Эрфан потряс маской, а потом разжал ладонь — и там так нестерпимо сверкнуло. Все камни, споротые с маски, лежали аккуратной кучкой.
— Я полдня перерисовывал у-узор. Ты постоянно будешь слышать эти стоны, эти вопли, эти мольбы. Не сможешь не ответить! Они будут звать тебя — днем, ночью, будут жаловаться, будут просить прийти.
Эрфан заикался, и даже порой говорил с непонятным акцентом. Впервые Джерри заметил, что у учителя дрожат руки.
А потом заметил и ее.
Иглу.
Маленькую иголку с неострым, немножко скругленным концом, с изящным ушком. Простую иголку с хвостиком из тоненькой шелковой (шелковой ли?) ниточки. Эта игла в дрожащей руке Эрфана была неподвижной картинкой все то время… пока…
— Не дергайся, — предупредил Эрфан и осторожно положил лиловый алмазик на переносицу лежащего и спутанного по рукам и ногам парня. — Я буду стараться, но работа тонкая. Дернешься — лишишься глаза. Потерпишь — и все будет кра-асиво…
Он так и не сумел потерять сознание. До последнего крика, до последнего камня.
До последнего стежка. Все время — видеть, чувствовать. Помнить. Еще в начале развяжись веревки — и Джерри убил бы Эрфана, легко, не задумываясь. Потом он готов был умолять, обещать все что угодно, как угодно унижаться.

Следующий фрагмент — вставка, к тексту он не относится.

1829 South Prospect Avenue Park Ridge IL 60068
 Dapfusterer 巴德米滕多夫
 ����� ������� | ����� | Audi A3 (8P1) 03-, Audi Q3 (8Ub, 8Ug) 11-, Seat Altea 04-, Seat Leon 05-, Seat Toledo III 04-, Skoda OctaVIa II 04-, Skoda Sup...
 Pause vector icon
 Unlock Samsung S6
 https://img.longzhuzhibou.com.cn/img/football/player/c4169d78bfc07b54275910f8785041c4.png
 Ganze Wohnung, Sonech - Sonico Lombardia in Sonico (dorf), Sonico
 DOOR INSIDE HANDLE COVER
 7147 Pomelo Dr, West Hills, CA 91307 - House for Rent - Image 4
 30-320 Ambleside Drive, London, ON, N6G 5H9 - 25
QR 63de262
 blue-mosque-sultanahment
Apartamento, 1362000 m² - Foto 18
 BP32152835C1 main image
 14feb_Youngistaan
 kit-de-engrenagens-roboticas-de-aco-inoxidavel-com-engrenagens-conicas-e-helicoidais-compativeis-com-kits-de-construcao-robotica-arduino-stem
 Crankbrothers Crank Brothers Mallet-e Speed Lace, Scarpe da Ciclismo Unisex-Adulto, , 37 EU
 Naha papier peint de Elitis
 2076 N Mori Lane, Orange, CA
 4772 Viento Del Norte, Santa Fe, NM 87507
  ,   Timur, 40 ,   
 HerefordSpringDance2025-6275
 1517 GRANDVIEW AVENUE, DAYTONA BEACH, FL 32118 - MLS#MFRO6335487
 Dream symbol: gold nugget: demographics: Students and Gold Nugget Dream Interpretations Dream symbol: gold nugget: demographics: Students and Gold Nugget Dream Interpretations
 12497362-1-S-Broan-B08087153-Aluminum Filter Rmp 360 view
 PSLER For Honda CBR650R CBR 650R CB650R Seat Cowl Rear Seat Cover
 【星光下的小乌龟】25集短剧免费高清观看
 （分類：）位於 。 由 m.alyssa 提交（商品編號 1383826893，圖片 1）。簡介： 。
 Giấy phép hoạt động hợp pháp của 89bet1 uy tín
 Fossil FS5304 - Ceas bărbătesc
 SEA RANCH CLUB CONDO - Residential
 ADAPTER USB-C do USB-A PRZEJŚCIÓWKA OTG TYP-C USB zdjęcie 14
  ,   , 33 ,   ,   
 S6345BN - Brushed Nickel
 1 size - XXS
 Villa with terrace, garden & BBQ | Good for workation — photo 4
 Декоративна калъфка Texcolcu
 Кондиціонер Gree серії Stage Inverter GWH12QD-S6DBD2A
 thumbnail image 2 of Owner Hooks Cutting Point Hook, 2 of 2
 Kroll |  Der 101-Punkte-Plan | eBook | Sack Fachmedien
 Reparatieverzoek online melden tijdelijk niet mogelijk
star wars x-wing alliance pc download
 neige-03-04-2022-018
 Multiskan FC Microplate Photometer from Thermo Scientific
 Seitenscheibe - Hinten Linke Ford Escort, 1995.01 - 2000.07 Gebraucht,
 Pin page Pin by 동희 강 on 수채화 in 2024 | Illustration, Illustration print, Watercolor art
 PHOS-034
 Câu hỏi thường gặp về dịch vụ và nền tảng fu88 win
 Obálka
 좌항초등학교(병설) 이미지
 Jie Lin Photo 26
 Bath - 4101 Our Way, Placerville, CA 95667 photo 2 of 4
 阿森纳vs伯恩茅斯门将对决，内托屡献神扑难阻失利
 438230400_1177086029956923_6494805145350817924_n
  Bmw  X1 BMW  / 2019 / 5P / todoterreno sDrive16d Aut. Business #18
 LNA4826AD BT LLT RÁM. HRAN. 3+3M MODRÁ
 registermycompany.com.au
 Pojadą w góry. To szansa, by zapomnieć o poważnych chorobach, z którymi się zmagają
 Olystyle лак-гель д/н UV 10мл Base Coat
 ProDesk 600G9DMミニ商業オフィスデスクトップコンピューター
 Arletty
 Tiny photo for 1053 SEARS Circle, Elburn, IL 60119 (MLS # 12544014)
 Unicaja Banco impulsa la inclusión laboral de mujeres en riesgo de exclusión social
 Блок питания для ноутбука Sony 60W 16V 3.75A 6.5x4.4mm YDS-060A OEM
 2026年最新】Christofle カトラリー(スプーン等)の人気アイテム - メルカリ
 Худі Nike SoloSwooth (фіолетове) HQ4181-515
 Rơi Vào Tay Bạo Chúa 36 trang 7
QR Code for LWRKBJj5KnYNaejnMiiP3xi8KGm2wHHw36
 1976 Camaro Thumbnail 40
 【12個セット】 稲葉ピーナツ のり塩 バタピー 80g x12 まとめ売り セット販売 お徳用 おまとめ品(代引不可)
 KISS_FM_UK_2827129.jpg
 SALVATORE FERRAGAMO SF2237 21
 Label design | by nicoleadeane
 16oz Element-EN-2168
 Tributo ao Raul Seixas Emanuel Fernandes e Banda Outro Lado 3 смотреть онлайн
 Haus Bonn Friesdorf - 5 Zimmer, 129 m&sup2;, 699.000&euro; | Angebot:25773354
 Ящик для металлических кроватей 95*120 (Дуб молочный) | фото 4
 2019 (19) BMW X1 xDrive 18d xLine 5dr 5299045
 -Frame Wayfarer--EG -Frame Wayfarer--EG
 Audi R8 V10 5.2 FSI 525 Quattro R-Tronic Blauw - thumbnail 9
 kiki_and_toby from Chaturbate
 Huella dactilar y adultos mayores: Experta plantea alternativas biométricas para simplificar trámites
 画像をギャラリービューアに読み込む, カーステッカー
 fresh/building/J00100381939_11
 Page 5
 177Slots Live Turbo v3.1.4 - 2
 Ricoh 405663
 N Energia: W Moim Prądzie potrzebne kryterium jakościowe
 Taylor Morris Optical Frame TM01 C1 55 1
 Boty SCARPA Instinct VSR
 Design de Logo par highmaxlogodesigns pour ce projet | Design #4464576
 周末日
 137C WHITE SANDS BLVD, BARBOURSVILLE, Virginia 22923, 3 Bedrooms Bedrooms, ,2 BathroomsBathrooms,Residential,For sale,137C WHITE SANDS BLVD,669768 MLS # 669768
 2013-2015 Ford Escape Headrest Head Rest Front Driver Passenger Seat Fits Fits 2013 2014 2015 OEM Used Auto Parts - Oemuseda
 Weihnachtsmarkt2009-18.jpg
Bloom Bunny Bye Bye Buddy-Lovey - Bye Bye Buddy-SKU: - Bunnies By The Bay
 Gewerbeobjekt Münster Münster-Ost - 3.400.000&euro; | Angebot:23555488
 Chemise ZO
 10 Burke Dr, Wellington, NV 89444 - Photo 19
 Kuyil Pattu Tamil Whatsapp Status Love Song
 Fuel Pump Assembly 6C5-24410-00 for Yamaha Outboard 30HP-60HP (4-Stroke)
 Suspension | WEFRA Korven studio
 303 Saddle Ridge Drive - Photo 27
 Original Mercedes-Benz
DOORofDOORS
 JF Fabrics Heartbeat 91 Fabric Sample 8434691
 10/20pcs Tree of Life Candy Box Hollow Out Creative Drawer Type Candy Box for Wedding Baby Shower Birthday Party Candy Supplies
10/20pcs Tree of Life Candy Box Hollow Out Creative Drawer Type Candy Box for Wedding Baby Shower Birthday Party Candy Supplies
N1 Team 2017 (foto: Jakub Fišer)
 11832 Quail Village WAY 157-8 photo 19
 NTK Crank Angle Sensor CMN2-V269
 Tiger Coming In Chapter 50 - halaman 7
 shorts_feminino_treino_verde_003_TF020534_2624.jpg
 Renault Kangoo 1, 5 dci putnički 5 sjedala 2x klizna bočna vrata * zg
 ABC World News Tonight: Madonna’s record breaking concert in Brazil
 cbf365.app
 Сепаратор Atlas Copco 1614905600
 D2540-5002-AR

А по завершении… путы были срезаны, а Джерри все еще лежал на камне, скорчившись, ослепший от слез и крови, обессилевший от мучений. Лежал там и ночь, и следующий день, и никто не приходил.
В какой-то момент он осознал, что никто и не придет. Гнетущая, сиротская тишина висела над замком. Все равно как если бы сто глашатаев протрубили — Эрфана больше нет!
Об этом сказало и Межмирье. Сытое, какое-то ленивое, благостно расползающееся. Легко скользнувший туда, лежал он, покачиваясь в красноватом тумане тропы, и ждал стражей. Стражей не было. Долго. Это означало еще один удар, от которого не оправиться: Эрфан забрал его сердце и растворился в Межмирье.
Джерри искал зеркало. Ощущения были чудовищны. И отражение не опровергло их. На отекшей вздувшейся ткани были разноцветными язвочками утоплены драгоценности. Он не знал, временно ли это, а может, так всегда и будет — подушка вместо физиономии.
Но зрелище своего недавно родного лица оказалось кошмарным. Плакать не получалось. Кидаться было некуда. Удивляясь собственному спокойствию, Джерри подобрал удавку Эрфана, перекинул через любимую крестовину в обеденной зале, закрепил, встал на стул, одел петлю на шею, оттолкнулся…
Нет, петля не порвалась, не поломалась крестовина, не прибежали слуги на помощь. Все было гораздо позорнее, правда, Джерри? Ты струсил. Твое отговаривающееся инстинктом самосохранения сознание услужливо подсунуло мысль про ножик-выкидушку в поясе. А рука выхватила этот самый ножик, и спустя секунду конвульсивных подергиваний в воздухе ты уже сидел на полу, сжимая разрезанную петлю. Тело желало жить. Желало длить себя даже и такой ценой. Тренированное и наглое, оно стояло на страже своих животных прав.